• Raw data:
=== Section Start ===
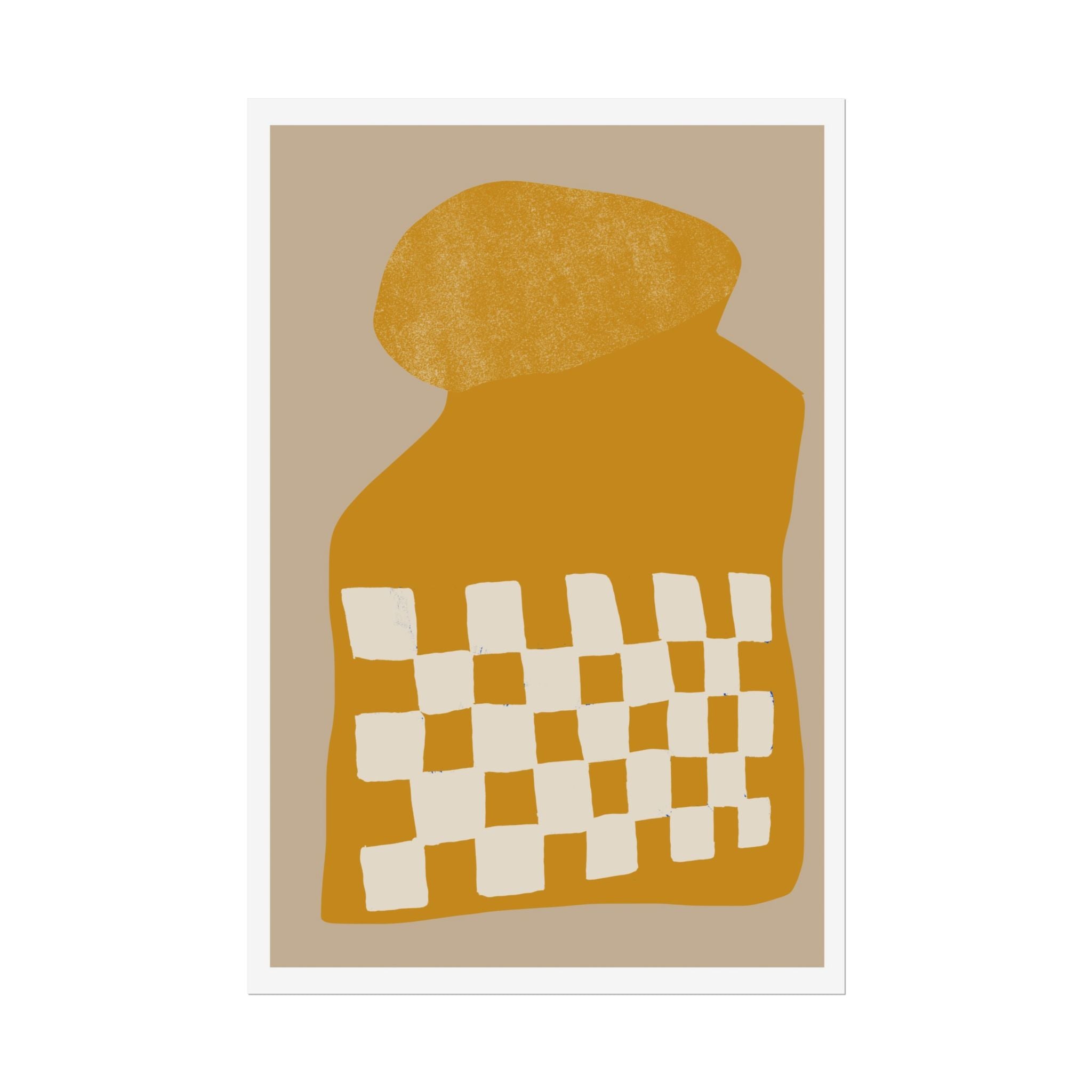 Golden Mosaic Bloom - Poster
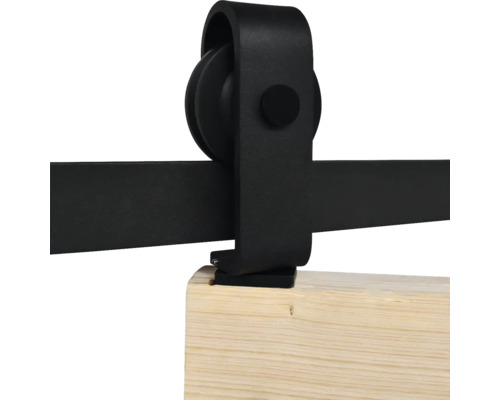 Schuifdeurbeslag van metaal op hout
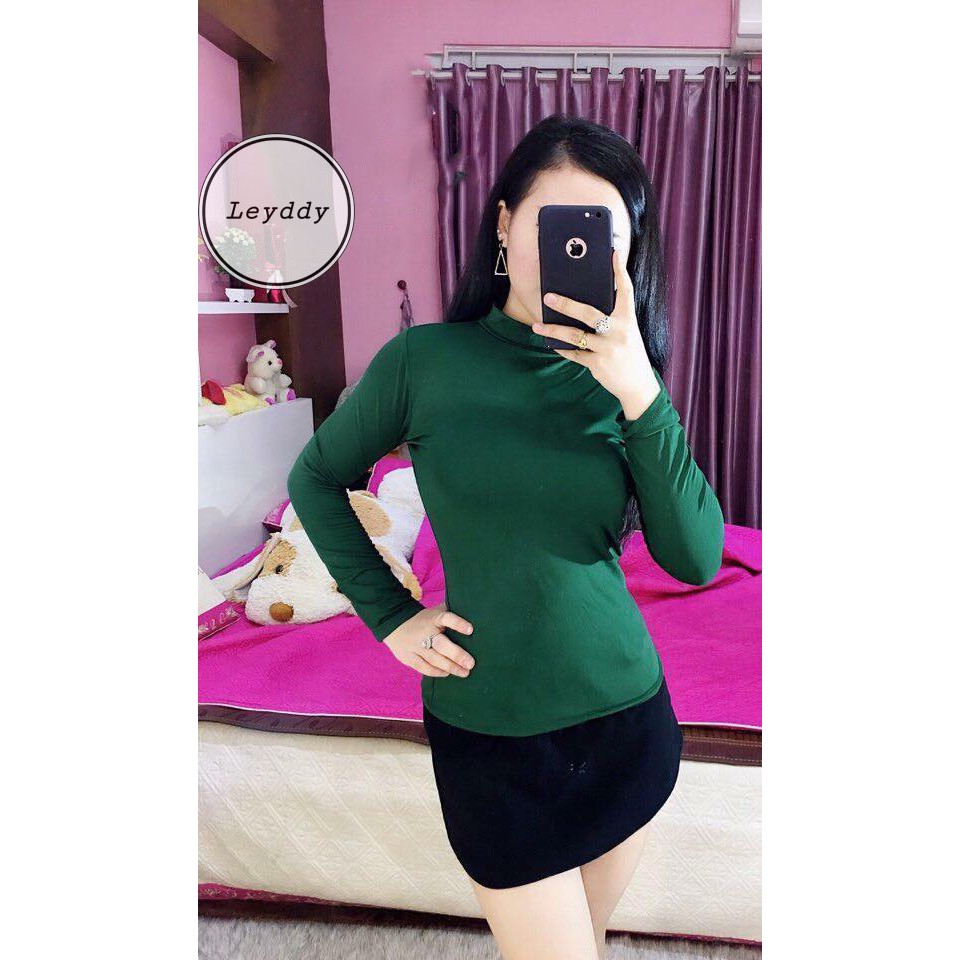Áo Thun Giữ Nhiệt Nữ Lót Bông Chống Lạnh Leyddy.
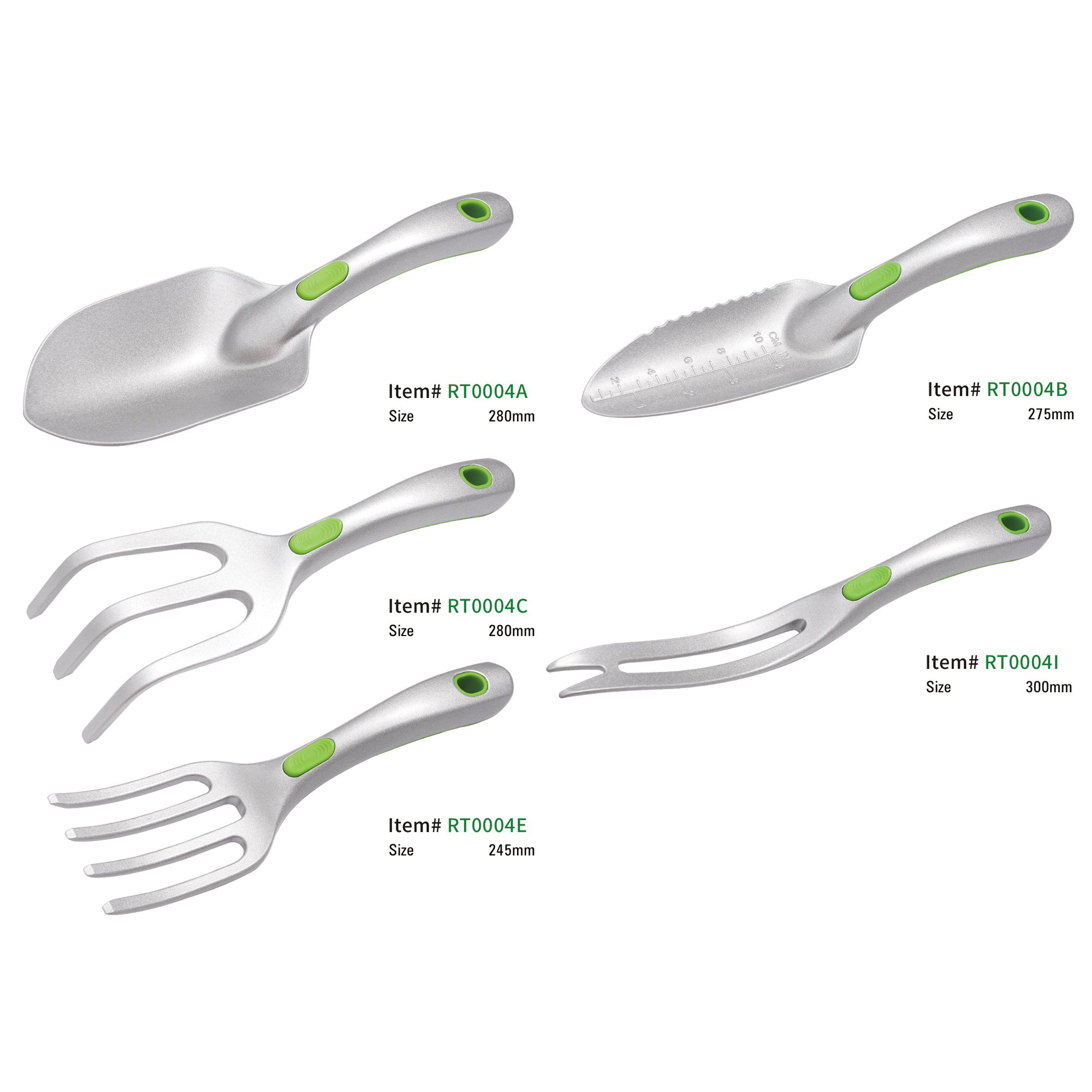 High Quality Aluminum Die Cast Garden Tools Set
=== Section End ===
• Task instructions: All the lines above should be reproduced exactly, and none of the pictures.

• Expected answer:
 Golden Mosaic Bloom - Poster
 Schuifdeurbeslag van metaal op hout
Áo Thun Giữ Nhiệt Nữ Lót Bông Chống Lạnh Leyddy.
 High Quality Aluminum Die Cast Garden Tools Set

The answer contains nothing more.